Why the long-established position that a lien on papers can be applied for unpaid fees may not be certain. We look at Ellis v John Hodge Solicitors (a firm) [2022] EWHC 2284 (Comm)



This was a claim of professional negligence brought by the Claimant who had previously been represent by the Defendant in a personal injury claim, valued at circa £500,000.00. In those proceedings the Claimant had received a Part 36 Offer of £200,000.00 but proceeded to trial where he was awarded a little under £12,000.00. A disastrous result for the Claimant in terms of his damages and costs.

The Claimant sought advice from other Solicitors and brought a claim for professional negligence based on a failure to inform of risk. A position disputed by the Defendant Solicitors.
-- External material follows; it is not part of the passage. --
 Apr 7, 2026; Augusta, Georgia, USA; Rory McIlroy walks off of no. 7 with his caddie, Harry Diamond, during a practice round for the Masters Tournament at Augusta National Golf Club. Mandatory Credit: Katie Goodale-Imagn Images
There is a long-established right that a Solicitor can apply a lien to their papers in the event a client fails to pay their legal costs. Faced with a professional negligence claim and having made a counterclaim for unpaid legal costs, the Defendant sought to rely on that right. The Claimant had issued proceedings without needing sight of those papers.

The issue of disclosure of the full file of papers was dealt with a the CCMC phase. The Defendant attempted to mitigate the position by offering disclosure of the files to the Claimant’s Solicitors on the basis none of the content was to be disclosed to the Claimant and the papers were to be returned at conclusion of the proceedings – in line with the case of Robins v Goldingham [1872] LR 13 Eq 440. The offer was declined by the Claimant as being unworkable if he was unable to see documents that would be relied on by the Defendant.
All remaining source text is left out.